What needs to be done
What you copy should be the lines from the one with "Hello, in this" through the end of the entries, word for word. Omit the pictures.

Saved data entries
--
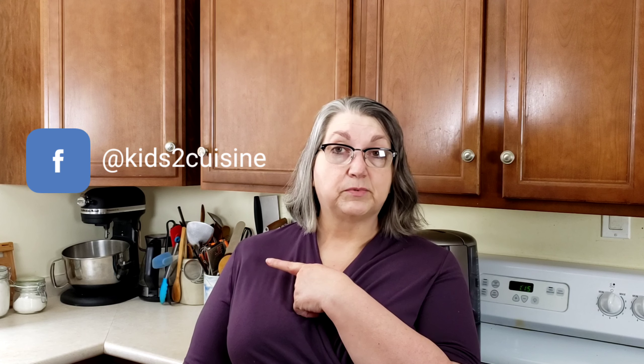If this recipe interested you, please tap like or subscribe to my YouTube channel. You can also follow me on Facebook or Twitter, or you can leave a comment below. Kids to Cuisine uploads videos every Monday and Thursday.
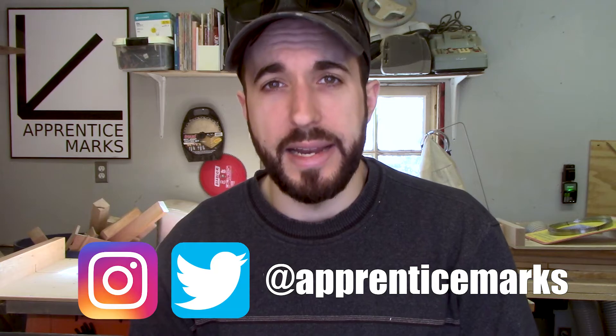If you want to keep an eye on what I'm doing in the future, please hit the like and subscribe button below. And if you want to keep up with me between projects, you can follow me on social media — I'm at Apprentice Marks on both Twitter and Instagram. Cheers!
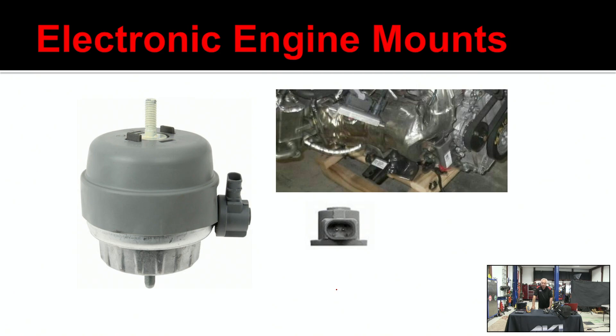If there's an electrical fault, you may get a trouble code for an electronic engine mount, so keep that in mind on this truck. The mounts are pretty much available — a couple of manufacturers have them for replacement, including McCory and GM.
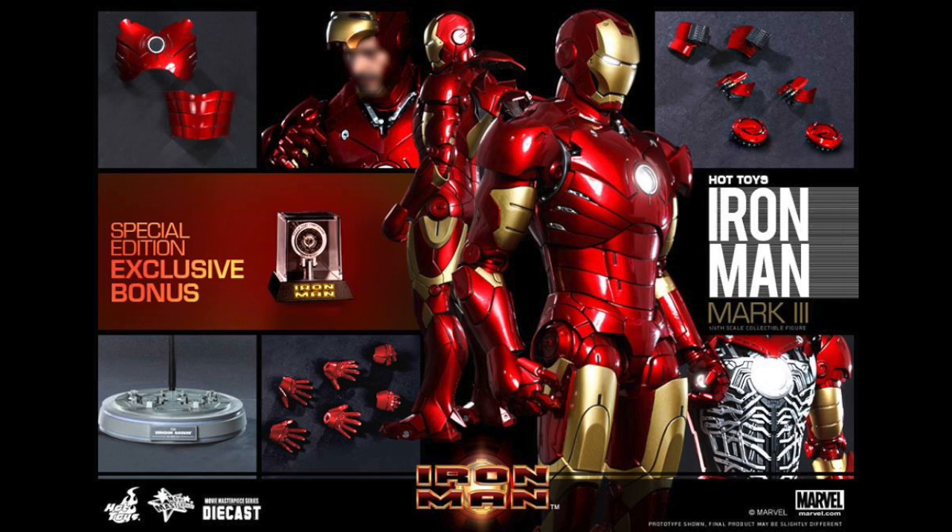So what do you think? Are you going to get the die-cast Mark III armor? Do you love it? Do you hate it? Let me know in the comments below. For the full pic gallery and pre-order information, go to SideshipCollectibles.com — the link is in the description.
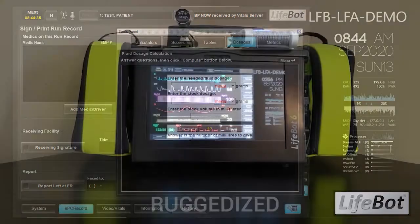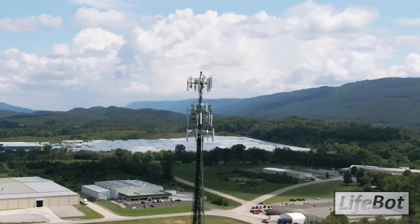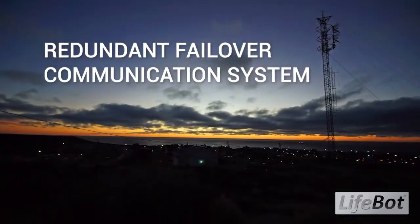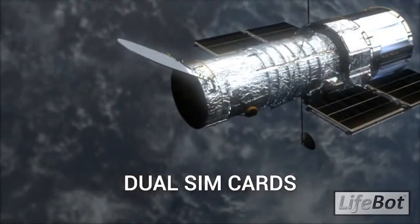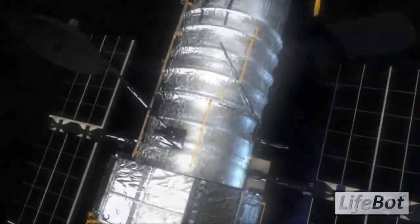The LifeBot contains a ruggedized computer meant to withstand rough handling on the go. The communication system includes automatic failover protection using multiple redundant protocols to maximize the robustness of the connection. The system features dual 4G LTE and 3G SIM cards for data coverage and overage prevention. It also includes external Wi-Fi and GPS antennas.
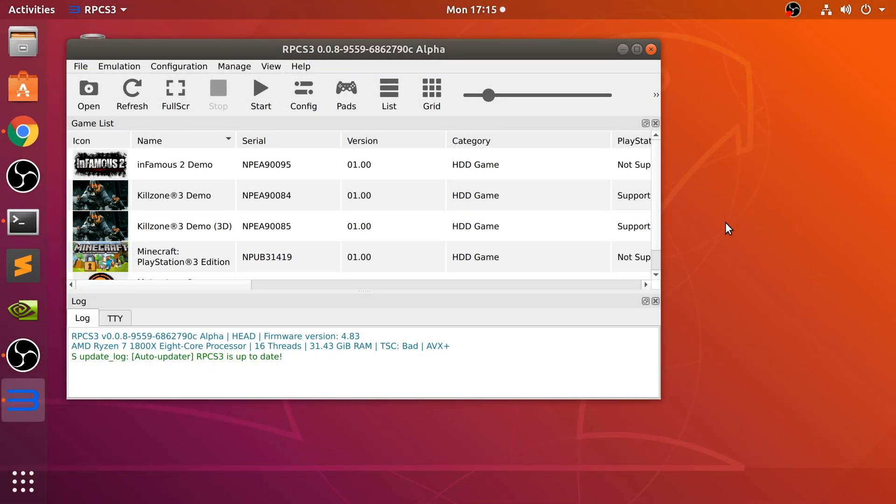Hello, in this video I am going to show you how to connect up your Xbox controller — your 360 or your Xbox One controller — to your Linux machine so you can use it on the RPCS3 emulator to play PlayStation 3 games. I've got a bit of a bad throat so if it's hard to understand me, I apologise. I just wanted to make sure I got this video out on time.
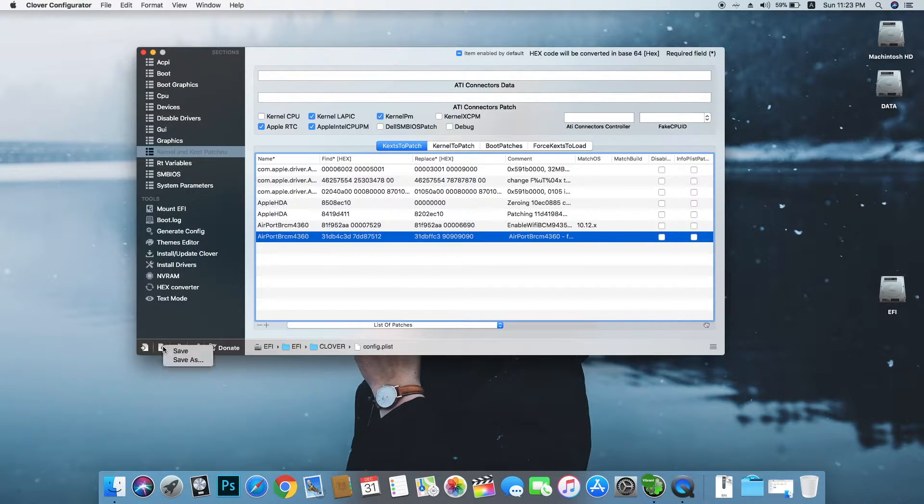Okay, we are done. Just save this config.plist file and close Clover Configurator.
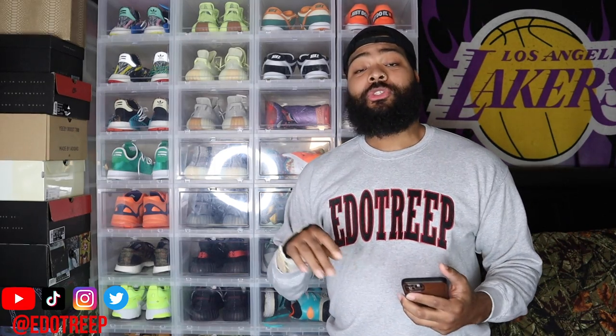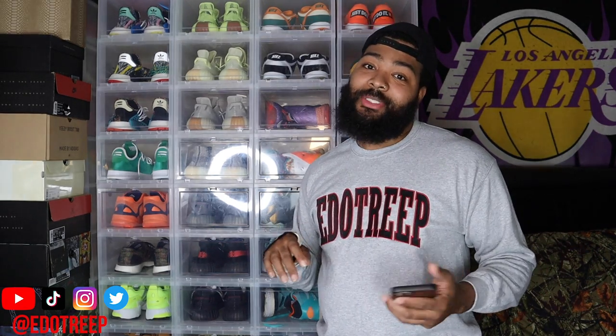Thank y'all for watching. New video dropping tomorrow. If you haven't done so already, make sure you click that notification bell so you won't miss my next video. And if you haven't subscribed and you made it this far, go ahead and make it happen. Appreciate you.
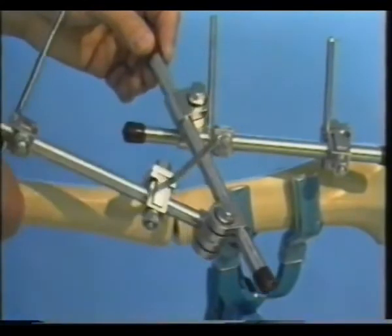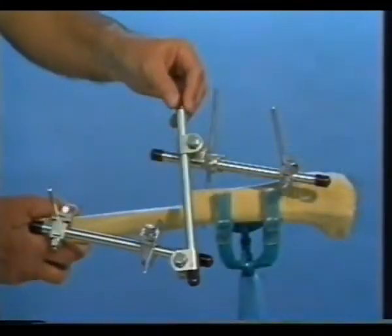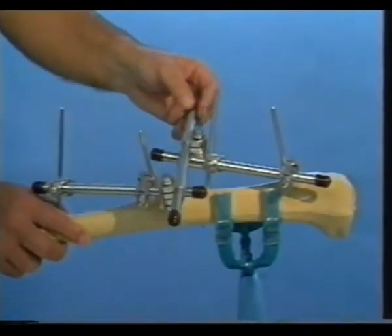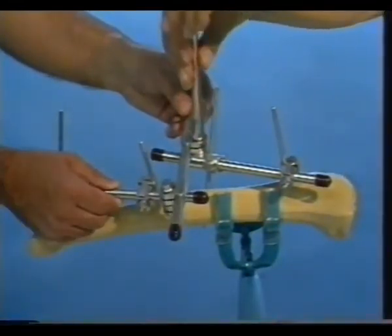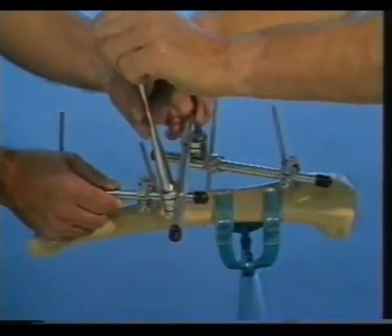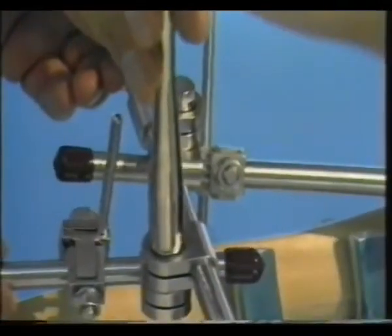Corrections are made by the operator holding the two tubes while the assistant holds the interconnecting tube. After correct reduction of the fracture or osteotomy, the assistant tightens the screw of each tube-to-tube clamp. A second tube is then fixed to complete the construct.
--
Response to the task
Hello, in this video I am going to show you how to connect up your Xbox controller — your 360 or your Xbox One controller — to your Linux machine so you can use it on the RPCS3 emulator to play PlayStation 3 games. I've got a bit of a bad throat so if it's hard to understand me, I apologise. I just wanted to make sure I got this video out on time.
Okay, we are done. Just save this config.plist file and close Clover Configurator.
Thank y'all for watching. New video dropping tomorrow. If you haven't done so already, make sure you click that notification bell so you won't miss my next video. And if you haven't subscribed and you made it this far, go ahead and make it happen. Appreciate you.
Corrections are made by the operator holding the two tubes while the assistant holds the interconnecting tube. After correct reduction of the fracture or osteotomy, the assistant tightens the screw of each tube-to-tube clamp. A second tube is then fixed to complete the construct.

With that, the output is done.